What is Extract Transform Load (ETL)? #
ETL stands for extract, transform, load. These are the three processes that enable organisations to collect data from multiple sources and then push that data into a target system or database.
This data integration process enables organisations to collate information in one system or database allowing for data synchronisation, business intelligence and data analytics.
An ETL Tool is used to maintain ETL data consistency and simplify database integration and synchronisation development tasks.
ETL is used by organisations to:
- Extract data from a database, eCommerce store, legacy system etc.
- Transform and cleanse the data to improve data quality and establish consistency
- Load the data in the correct format to a target application or database
Extract #
The data extraction function reads and extracts data from either a specific source or multiple data sources. The data can be structured or unstructured from a variety of sources, including:
- SQL or NoSQL databases
- CRM and ERP systems
- Flat files
- Emails
- Web pages
The extracted data is then placed into a staging area for the transformation process.
Transform #
The transformation process is possibly the most important aspect of ETL and the one that brings the greatest value to its deployment due to its ability to manipulate the data.
The transformation work in ETL is carried out by a specialised ETL tool or engine, with the data usually held in staging tables whilst the transformation process is in progress.
As data can be extracted from multiple sources, it needs to be consolidated and transformed into the correct format. For example, the data may need converting into a different format or database structure in order to become compatible with the target system or database.
Data quality is of paramount importance, therefore this process also provides the opportunity to cleanse and authenticate the data, such as eliminating any duplicate information, filtering out any unwanted data or validating the data with records.
The process can also be used to convert currencies or other units of measurement, ensure compliance procedures, as well as standardising data or changing row and column headers for uniformity.
Load #
Once all the data is validated and converted into the correct format in the staging area, the data loading function can write the data into the targeted database or application location.

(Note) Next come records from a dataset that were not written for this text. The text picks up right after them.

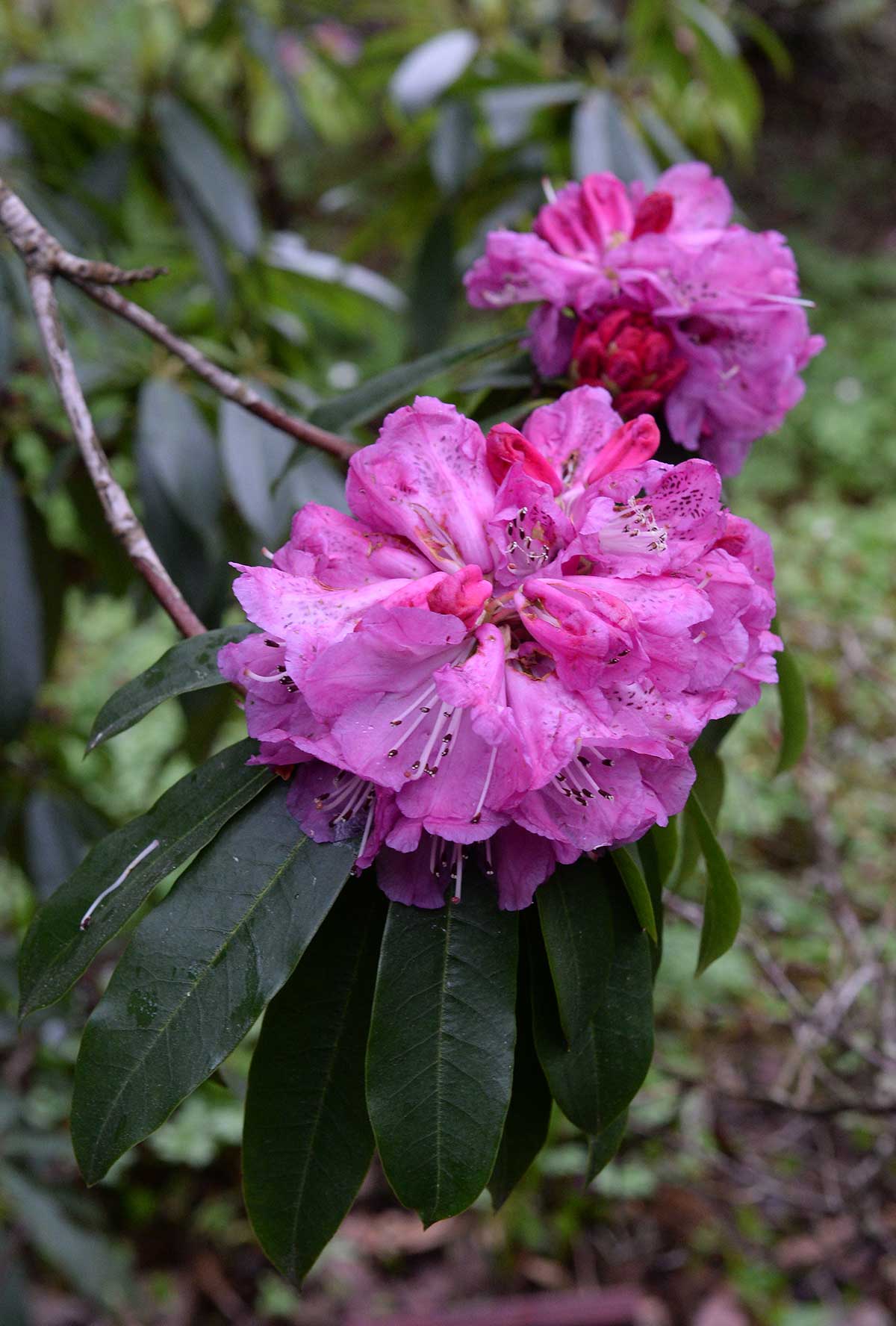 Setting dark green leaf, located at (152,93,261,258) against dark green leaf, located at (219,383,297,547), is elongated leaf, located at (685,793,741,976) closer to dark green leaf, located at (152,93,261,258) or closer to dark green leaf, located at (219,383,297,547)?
dark green leaf, located at (219,383,297,547)

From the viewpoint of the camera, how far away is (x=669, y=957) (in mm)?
2258

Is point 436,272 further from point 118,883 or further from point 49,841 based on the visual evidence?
point 118,883

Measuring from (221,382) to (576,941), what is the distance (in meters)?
0.46

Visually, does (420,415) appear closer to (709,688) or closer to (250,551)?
(709,688)

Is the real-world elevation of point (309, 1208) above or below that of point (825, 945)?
above

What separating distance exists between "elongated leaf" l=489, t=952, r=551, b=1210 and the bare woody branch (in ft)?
1.31

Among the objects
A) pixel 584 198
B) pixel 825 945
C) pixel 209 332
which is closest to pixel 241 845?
pixel 584 198

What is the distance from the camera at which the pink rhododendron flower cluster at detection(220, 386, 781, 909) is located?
497 millimetres

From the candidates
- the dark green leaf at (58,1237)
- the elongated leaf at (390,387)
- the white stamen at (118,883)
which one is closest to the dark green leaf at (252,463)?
the elongated leaf at (390,387)

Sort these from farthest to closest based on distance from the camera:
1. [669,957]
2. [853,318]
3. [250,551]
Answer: [853,318] < [669,957] < [250,551]

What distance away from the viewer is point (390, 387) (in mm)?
824

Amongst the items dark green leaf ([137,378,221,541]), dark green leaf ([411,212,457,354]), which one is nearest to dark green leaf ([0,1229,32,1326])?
dark green leaf ([137,378,221,541])

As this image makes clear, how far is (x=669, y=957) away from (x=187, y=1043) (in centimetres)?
190

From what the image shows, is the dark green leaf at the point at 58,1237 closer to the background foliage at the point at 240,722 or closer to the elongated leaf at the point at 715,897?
the background foliage at the point at 240,722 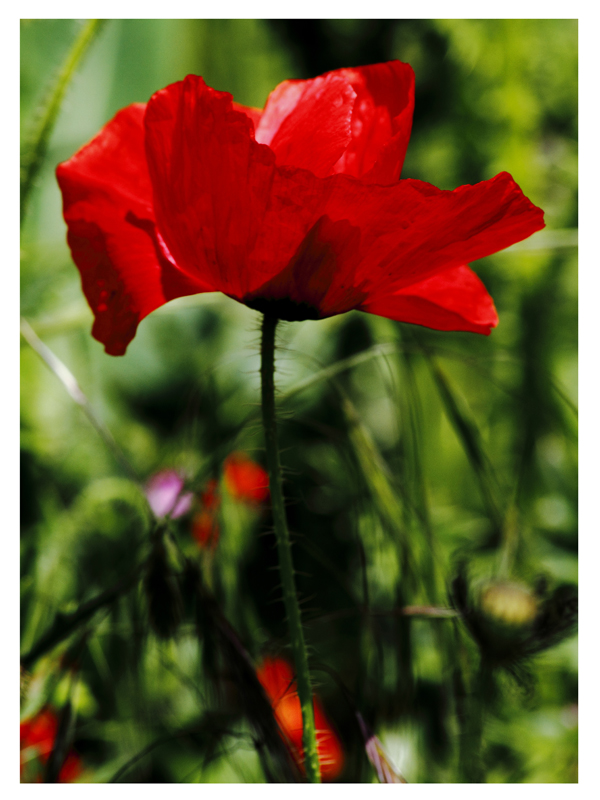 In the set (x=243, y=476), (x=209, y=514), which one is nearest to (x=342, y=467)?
(x=243, y=476)

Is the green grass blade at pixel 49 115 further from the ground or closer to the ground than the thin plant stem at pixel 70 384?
further from the ground

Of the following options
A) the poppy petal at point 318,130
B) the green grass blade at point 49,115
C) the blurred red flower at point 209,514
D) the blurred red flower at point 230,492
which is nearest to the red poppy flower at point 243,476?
the blurred red flower at point 230,492

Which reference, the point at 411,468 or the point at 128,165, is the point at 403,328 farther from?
the point at 128,165

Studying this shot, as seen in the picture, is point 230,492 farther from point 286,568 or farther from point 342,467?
point 286,568

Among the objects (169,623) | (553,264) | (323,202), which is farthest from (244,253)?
(553,264)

In an ETL scenario, this will usually involve an initial complete load of data. Data can then be added incrementally and periodically to reflect any data changes.
The other common type of loading is when an organisation decides on a full refresh – erasing the existing data and replacing it with fresh data.
The majority of organisations that use ETL tend to require batch processing, hence it is best to set this up to run during off peak hours, i.e. overnight, when traffic and demand on resources is at its lowest.